İBRAHİM’İN SORULARI
Kimler soru sorar?
Soru soran zihin nasıl bir zihindir?
Bir toplumda “soru saran adam”
olmak ne demektir?
Örneğin bir peygamberi “soru
soran adam” olarak hiç
düşündünüz mü?
Eğer öyleyse gelin “İbrahim’in
soruları” üzerine düşünelim.
Hz. İbrahim neler sormuş?
(Allaha) “Allahım! Bana ölüleri nasıl
dirilttiğini göster” dedi. “Yoksa inanmıyor musun?” deyince “Evet,
inanıyorum ama kalbim iyice tatmin olsun diye” dedi. (2; 260).
(Kendi kendine) “Gece çökünce yıldız gördü: ‘İşte bu Rabbim!’ dedi. Yıldız
batınca ‘Batanları sevmem’ dedi. Ayı doğarken görünce: ‘İşte bu Rabbim!’
dedi. O da batınca ‘Eğer Rabbim yol göstermezse şaşıranlardan olurum’
dedi. Güneşi doğarken görünce ‘İşte bu Rabbim, bu daha büyük’ dedi. O
da batınca ‘Ey halkım! Ben sizin ortak koştuklarınızdan uzağım’ dedi.” (6;
76-78).
Kanaatimce bu ayetlerde, “İbrahim’in soruları” üzerinden, bir aklın nasıl
yürütüleceği ve bir vicdanın nasıl uyanacağı dersi veriliyor; soru sorarak,
düşünerek, cevaplar arayarak...
Çünkü insanoğluna ilk vacip olan şey sanıldığının aksine iman etmek veya
teslim olmak değil; kuşku duymak, düşünmek, cevap aramaktır. İman ve
teslimiyet bunlardan sonra gelecektir.
Zira cevabını aradığınız sorulara tatminkar bir cevap bulduğunuzda içinizde
bir itminan hali oluşur. İşte buna “iman” denir. Aksi halde, demirin
ateşten geçip çelikleşmesi gibi kuşkulardan geçmemiş, soruya cevap
olarak gelmemiş, bir arayışın sonucu oluşmamış olana iman denmez. O,
olsa olsa taklit, önyargı veya kuruntu olur ki bir üfürüklük işi vardır.
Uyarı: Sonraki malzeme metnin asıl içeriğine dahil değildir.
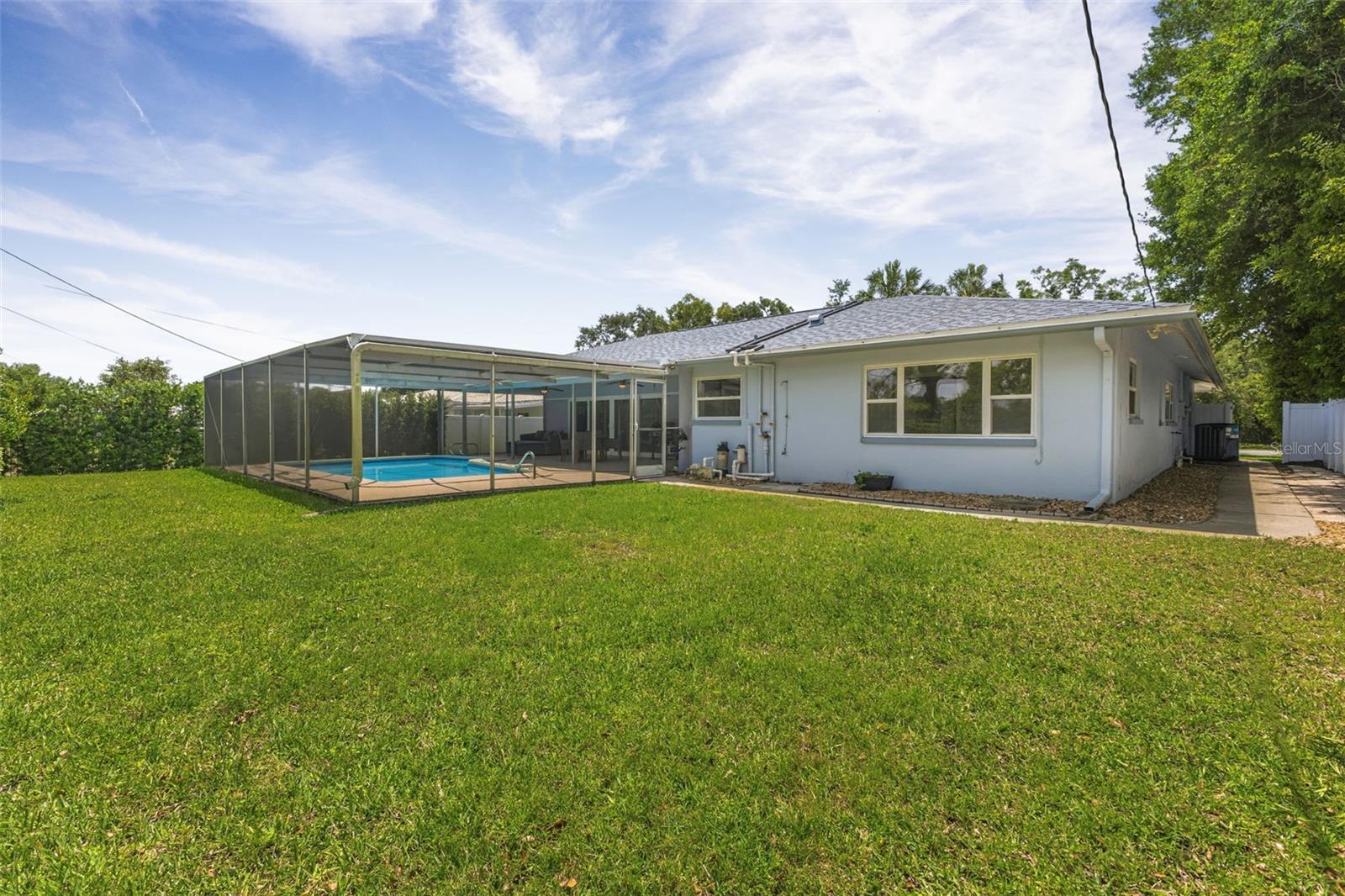 656 MEHLENBACHER RD, BELLEAIR, FL, 33756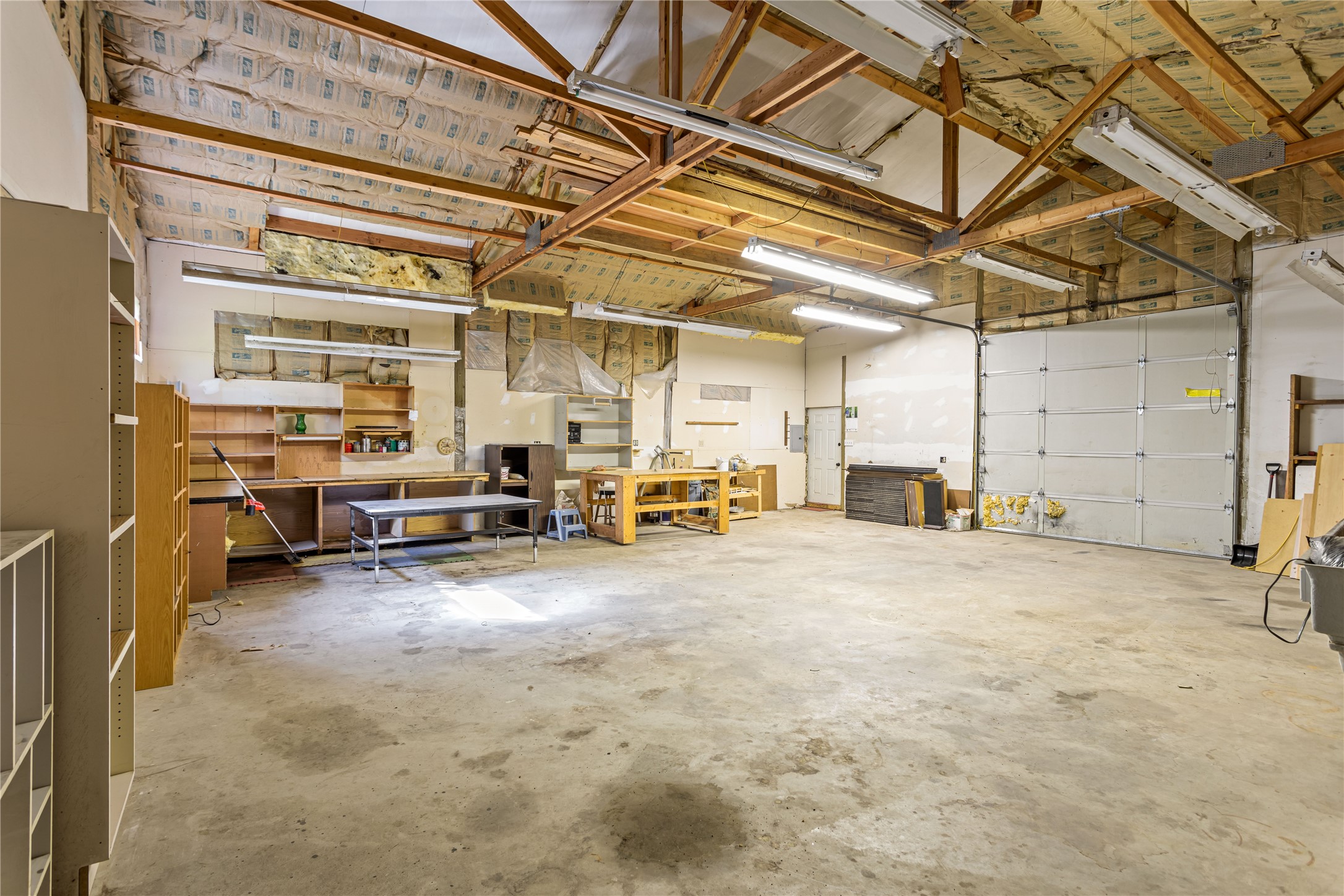 Missoula, Montana 59808, United States, 4 Bedrooms Bedrooms, ,2 BathroomsBathrooms,Residential,Active,41490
Bu nedenle Kur’an “Önce iman et, sonra düşün” değil; “Önce düşün, sonra
iman et” der. Ekin hasattan, acıkma doymadan, soru cevaptan önce gelir.
Bir meseleyi önce etraflıca konuşur sonra kararını alırız, önce kararını alıp
sonra konuşmayız. Bunların aksini yaptığınızı düşünün... Ne kadar manasız
oluyor, değil mi?
İbrahim’in soruları işte bize bunu öğretiyor.
Sorular sorarak “soylu bir hakikat arayışının” peşine düşmek...
Yerleşik doğrulardan kuşku duymak, onları sorularla sarsmak...
Hz. İbrahim’in bu tür soruları bir çok yerde sorduğunu görüyoruz: Allah’a,
babasına, oğluna, ileri gelenlere, halka, devlete, gelen elçilere... İtminana,
imana ve teslimiyete bu sorulardan sonra ulaşıyor.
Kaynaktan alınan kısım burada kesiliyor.